Saturday, January 4, 2014

The Duck Commander Drake Whistle

This is Cutter looking over his shoulder as I'm trying to take a picture of him...he was watching a mallard as it flew by us from behind me...
 
I thought it was the last weekend for ducks and next weekend was the late season for geese. As it turns out, ducks will be open next weekend as well. Who knows what the weather will do but this storm has brought a ton of ducks to the river.
 
It's been a weird season for sure. Early on we had a cold snap and the river was packed full of ducks but over Christmas, the temps rose into the forties and some of the small water opened back up. The ducks left but they didn't go far. Even some of the early ducks stuck it out. In fact, I've shot two gadwalls in the past couple days and missed a chance at a pintail. But that's up in Wolf Creek and further south, it would appear that everything was locked up and the birds were already gone. Not so much...
 
Late in the season, ducks get pretty fricken smart and they don't want to come to a call and if your decs have any snow on them or if they're sitting still in stagnant water forget it; they'll flare before they get anywhere near shotgun range.
 
We have a running joke out here that involves the Duck Commander drake whistle. We pull it out when nothing's happening or when we can't get a duck to even take a look and blow it and say, "All right, get ready. Something's going to happen..." Then if anything comes in, in the next hour we attribute it to the whistle. We owe that to John Arnold because a few years ago he said it was the only call you needed and once we bought one we would throw every other call out. The truth is, I've never called a duck in with it and I thought John was full of crap until tonight.
 
I winged a drake early this afternoon and Cutter chased it across the river. As he swam after it, the drake kept quacking but it was more of a whistle than a quack. It was a short note that carried a very long ways. Whenever I've heard the Duck Commander whistle, it was done with a long "dureeeeeeb," type of sound starting low and opening up at the end. In fact, if you read the directions on the package, that's how they tell you to use it. So I started making really short whistles staying with the same kind of attack but more like, "dreep, dreep, dreep...." I switched back and forth to my traditional call but much quieter and very sparingly.
 
HUGE difference. I never did get a duck to actually land in the decs but they were definitely taking plenty of looks and giving me plenty of opportunities.
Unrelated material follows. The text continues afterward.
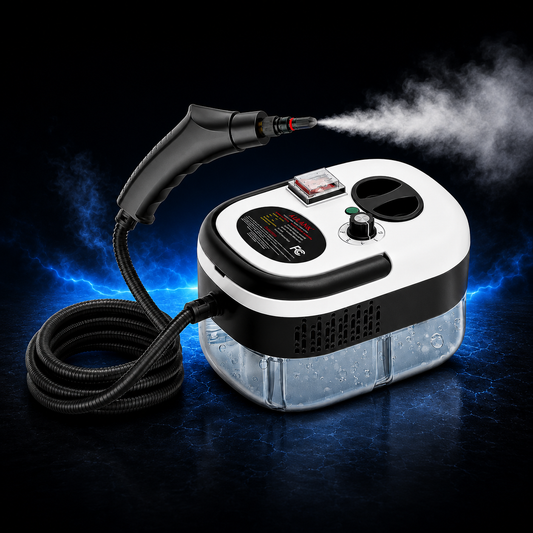 LIMPIADOR A VAPOR PREMIUM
Some actually landed just behind me or just down river if I didn't get a shot, which ended up allowing me to put the sneak on them and jump them.
 
Cutter and I wound up getting five tonight and we never did get the one he had chased across the river. He gave it his best but that drake's webbed feet were a little better this time than Cutter's. It's the first duck he hasn't been able to retrieve all season and given the fact that he's retrieved a number of cripples that floated down river from other hunters, plus the few that have dove on him that he waits out and eventually gets, I'd say that he's done an amazing job being only 2 years old.
 
I also missed PLENTY this evening as usual so I would say the action was pretty stellar. I probably won't be throwing all my calls away but I definitely have a better appreciation for the whistle.
 
Keep 'em where they live...

1 comment:

  1. I just read this post...sounds like a third grader wrote it. I should do a better job proof reading.